• _Problem to solve_
Give back exactly the lines running from the line with "New 2025 Ford" to the end of the entries, and only those lines.

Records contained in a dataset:
*****
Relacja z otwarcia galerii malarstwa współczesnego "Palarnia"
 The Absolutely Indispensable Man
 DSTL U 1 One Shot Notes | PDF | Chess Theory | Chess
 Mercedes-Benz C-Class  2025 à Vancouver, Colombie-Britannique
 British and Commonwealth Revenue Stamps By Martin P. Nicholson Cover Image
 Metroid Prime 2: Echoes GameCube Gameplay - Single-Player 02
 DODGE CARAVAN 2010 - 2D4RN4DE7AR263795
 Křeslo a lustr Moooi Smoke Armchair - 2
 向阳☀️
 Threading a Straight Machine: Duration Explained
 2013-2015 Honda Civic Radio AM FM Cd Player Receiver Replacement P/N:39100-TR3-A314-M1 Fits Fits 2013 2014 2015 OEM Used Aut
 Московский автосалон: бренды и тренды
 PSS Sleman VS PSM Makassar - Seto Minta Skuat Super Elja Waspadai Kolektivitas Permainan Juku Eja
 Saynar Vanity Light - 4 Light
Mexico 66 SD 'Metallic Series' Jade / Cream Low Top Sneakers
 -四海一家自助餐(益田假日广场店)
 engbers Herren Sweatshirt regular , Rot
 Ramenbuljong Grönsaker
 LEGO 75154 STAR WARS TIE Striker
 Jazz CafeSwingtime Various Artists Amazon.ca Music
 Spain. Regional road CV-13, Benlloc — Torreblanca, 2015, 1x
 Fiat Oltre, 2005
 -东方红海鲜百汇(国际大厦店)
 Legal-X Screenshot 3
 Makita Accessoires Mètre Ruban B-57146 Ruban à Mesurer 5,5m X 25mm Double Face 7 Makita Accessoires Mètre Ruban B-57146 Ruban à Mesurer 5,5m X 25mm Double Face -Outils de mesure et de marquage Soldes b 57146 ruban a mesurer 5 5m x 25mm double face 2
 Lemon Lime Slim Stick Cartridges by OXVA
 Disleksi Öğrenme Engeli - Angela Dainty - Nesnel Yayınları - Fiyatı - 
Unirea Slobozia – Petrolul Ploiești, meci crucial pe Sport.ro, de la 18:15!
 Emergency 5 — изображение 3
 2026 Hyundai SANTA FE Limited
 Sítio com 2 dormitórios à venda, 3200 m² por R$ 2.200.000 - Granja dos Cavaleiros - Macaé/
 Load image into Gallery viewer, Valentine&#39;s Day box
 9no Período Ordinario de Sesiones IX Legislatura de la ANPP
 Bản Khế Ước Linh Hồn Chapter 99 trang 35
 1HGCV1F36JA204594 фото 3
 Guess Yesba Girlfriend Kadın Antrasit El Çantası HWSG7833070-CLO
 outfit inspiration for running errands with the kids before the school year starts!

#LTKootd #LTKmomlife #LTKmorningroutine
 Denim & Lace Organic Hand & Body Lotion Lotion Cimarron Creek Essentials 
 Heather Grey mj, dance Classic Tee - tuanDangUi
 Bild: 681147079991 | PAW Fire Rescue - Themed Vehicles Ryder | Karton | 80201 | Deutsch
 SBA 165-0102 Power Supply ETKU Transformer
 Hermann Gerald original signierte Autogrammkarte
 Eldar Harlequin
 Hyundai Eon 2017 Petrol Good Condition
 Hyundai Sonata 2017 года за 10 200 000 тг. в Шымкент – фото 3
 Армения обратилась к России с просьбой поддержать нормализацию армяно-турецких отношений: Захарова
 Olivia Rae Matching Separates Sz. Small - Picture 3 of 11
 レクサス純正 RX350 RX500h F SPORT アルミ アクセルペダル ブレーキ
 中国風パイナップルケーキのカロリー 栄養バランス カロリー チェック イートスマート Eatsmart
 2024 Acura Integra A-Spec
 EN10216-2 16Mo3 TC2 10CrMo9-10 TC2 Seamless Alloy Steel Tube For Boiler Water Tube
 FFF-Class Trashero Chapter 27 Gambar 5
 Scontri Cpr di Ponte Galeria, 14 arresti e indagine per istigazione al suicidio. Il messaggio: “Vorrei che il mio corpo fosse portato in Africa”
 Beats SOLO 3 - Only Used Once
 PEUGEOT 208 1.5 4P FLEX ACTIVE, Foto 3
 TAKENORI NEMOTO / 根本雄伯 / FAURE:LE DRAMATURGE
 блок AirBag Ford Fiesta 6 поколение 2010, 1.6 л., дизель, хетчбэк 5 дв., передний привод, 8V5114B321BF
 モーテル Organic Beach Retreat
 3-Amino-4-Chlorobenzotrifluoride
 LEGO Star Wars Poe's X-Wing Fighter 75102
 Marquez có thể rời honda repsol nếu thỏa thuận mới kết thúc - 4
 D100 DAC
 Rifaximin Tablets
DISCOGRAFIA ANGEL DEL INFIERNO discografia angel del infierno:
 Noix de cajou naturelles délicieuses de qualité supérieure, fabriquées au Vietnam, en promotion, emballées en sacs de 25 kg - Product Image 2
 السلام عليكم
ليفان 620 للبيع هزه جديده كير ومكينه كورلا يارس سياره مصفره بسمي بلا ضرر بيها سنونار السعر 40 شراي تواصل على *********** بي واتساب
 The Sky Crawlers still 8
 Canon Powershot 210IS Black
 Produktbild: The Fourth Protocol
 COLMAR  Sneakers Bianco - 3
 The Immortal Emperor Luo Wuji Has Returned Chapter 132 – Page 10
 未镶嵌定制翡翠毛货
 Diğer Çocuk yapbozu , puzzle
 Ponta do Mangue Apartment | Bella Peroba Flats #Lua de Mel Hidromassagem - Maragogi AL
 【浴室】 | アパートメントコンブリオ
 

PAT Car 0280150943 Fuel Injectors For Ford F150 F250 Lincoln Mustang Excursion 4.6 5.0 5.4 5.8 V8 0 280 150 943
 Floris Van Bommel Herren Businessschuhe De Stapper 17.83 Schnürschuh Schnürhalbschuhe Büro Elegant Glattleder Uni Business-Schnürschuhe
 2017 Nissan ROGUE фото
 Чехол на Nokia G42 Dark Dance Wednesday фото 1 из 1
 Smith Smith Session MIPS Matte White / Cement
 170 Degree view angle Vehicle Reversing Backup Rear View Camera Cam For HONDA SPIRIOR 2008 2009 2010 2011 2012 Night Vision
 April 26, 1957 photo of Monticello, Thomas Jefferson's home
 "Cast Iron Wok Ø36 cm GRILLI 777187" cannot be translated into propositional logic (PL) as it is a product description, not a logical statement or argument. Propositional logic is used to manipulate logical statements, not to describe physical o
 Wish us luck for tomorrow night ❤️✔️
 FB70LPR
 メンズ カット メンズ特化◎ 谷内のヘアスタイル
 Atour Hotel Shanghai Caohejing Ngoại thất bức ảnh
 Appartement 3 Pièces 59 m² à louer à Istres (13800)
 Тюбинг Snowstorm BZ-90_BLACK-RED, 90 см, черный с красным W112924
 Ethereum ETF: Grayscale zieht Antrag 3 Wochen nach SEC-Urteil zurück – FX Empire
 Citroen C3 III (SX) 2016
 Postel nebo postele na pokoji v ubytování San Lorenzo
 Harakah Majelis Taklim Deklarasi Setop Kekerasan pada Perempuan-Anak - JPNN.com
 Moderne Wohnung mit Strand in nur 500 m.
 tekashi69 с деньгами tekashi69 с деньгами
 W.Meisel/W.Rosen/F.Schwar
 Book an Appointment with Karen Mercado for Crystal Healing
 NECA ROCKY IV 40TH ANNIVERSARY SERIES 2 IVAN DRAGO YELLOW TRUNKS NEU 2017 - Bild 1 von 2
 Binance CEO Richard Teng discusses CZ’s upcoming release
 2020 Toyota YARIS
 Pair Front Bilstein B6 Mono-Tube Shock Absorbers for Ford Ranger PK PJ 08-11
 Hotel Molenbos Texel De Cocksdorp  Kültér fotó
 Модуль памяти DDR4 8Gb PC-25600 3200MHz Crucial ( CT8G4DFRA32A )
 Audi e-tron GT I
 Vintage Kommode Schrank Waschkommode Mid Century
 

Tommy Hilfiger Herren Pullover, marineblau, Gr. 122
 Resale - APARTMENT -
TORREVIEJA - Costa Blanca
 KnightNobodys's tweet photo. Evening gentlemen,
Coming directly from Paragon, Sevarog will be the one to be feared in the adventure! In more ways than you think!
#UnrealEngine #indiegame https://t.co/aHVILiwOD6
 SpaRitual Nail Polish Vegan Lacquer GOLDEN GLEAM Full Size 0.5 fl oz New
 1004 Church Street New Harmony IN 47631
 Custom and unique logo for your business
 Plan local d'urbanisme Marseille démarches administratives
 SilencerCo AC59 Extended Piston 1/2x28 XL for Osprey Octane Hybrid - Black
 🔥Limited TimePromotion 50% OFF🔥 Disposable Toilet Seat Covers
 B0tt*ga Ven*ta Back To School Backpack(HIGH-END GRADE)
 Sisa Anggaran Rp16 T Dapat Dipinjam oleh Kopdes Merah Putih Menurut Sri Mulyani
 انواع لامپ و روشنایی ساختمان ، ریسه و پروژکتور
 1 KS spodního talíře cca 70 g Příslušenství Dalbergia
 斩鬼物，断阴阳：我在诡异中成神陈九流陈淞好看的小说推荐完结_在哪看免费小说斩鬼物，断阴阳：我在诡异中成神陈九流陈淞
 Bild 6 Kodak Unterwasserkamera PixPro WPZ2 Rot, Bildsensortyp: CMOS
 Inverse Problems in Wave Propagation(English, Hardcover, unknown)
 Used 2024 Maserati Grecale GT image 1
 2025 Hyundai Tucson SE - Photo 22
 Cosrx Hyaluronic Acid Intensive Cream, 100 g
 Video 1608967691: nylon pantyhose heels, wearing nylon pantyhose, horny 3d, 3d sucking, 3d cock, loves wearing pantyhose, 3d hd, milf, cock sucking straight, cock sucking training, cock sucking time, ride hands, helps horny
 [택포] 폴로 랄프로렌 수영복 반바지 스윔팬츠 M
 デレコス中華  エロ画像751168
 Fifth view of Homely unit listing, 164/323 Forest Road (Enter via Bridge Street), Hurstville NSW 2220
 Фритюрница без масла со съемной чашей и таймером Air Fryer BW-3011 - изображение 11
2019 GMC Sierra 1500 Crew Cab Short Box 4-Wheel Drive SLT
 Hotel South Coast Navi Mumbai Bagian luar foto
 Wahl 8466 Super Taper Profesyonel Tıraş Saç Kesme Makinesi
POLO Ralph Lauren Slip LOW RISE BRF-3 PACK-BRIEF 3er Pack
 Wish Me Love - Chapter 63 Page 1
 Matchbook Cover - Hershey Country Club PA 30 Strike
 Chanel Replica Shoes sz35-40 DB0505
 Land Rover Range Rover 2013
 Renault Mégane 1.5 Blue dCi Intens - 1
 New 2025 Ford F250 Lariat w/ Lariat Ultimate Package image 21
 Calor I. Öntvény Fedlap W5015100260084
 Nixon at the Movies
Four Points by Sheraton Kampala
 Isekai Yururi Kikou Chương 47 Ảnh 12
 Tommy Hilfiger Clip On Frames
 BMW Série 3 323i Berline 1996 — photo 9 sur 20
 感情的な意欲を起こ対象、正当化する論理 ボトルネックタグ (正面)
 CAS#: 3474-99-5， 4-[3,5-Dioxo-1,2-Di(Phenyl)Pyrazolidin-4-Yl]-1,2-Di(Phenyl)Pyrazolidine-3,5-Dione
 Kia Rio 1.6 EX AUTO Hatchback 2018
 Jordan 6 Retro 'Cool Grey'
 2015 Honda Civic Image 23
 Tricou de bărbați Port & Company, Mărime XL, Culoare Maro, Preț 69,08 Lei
*****
• _Answer to the exercise_
 New 2025 Ford F250 Lariat w/ Lariat Ultimate Package image 21
 Calor I. Öntvény Fedlap W5015100260084
 Nixon at the Movies
Four Points by Sheraton Kampala
 Isekai Yururi Kikou Chương 47 Ảnh 12
 Tommy Hilfiger Clip On Frames
 BMW Série 3 323i Berline 1996 — photo 9 sur 20
 感情的な意欲を起こ対象、正当化する論理 ボトルネックタグ (正面)
 CAS#: 3474-99-5， 4-[3,5-Dioxo-1,2-Di(Phenyl)Pyrazolidin-4-Yl]-1,2-Di(Phenyl)Pyrazolidine-3,5-Dione
 Kia Rio 1.6 EX AUTO Hatchback 2018
 Jordan 6 Retro 'Cool Grey'
 2015 Honda Civic Image 23
 Tricou de bărbați Port & Company, Mărime XL, Culoare Maro, Preț 69,08 Lei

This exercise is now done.